Task instructions - Reproduce the full listing as it stands. Images do not belong in the copy.

Data section -
☆ ☆ ☆

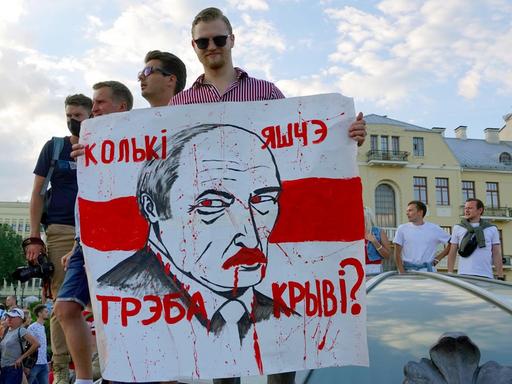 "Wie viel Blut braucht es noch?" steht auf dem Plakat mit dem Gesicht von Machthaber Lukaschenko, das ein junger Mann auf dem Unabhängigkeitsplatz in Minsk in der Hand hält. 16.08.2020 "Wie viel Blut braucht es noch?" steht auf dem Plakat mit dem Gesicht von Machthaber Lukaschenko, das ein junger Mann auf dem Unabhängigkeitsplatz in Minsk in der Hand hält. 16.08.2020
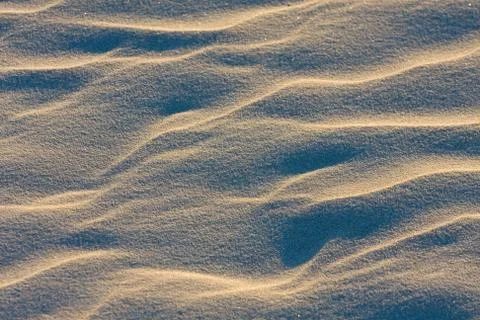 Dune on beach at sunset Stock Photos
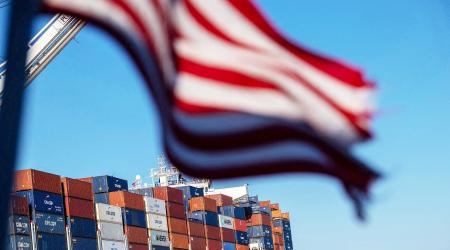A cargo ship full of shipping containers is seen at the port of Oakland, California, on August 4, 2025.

☆ ☆ ☆

Written answer -
 "Wie viel Blut braucht es noch?" steht auf dem Plakat mit dem Gesicht von Machthaber Lukaschenko, das ein junger Mann auf dem Unabhängigkeitsplatz in Minsk in der Hand hält. 16.08.2020 "Wie viel Blut braucht es noch?" steht auf dem Plakat mit dem Gesicht von Machthaber Lukaschenko, das ein junger Mann auf dem Unabhängigkeitsplatz in Minsk in der Hand hält. 16.08.2020
 Dune on beach at sunset Stock Photos
A cargo ship full of shipping containers is seen at the port of Oakland, California, on August 4, 2025.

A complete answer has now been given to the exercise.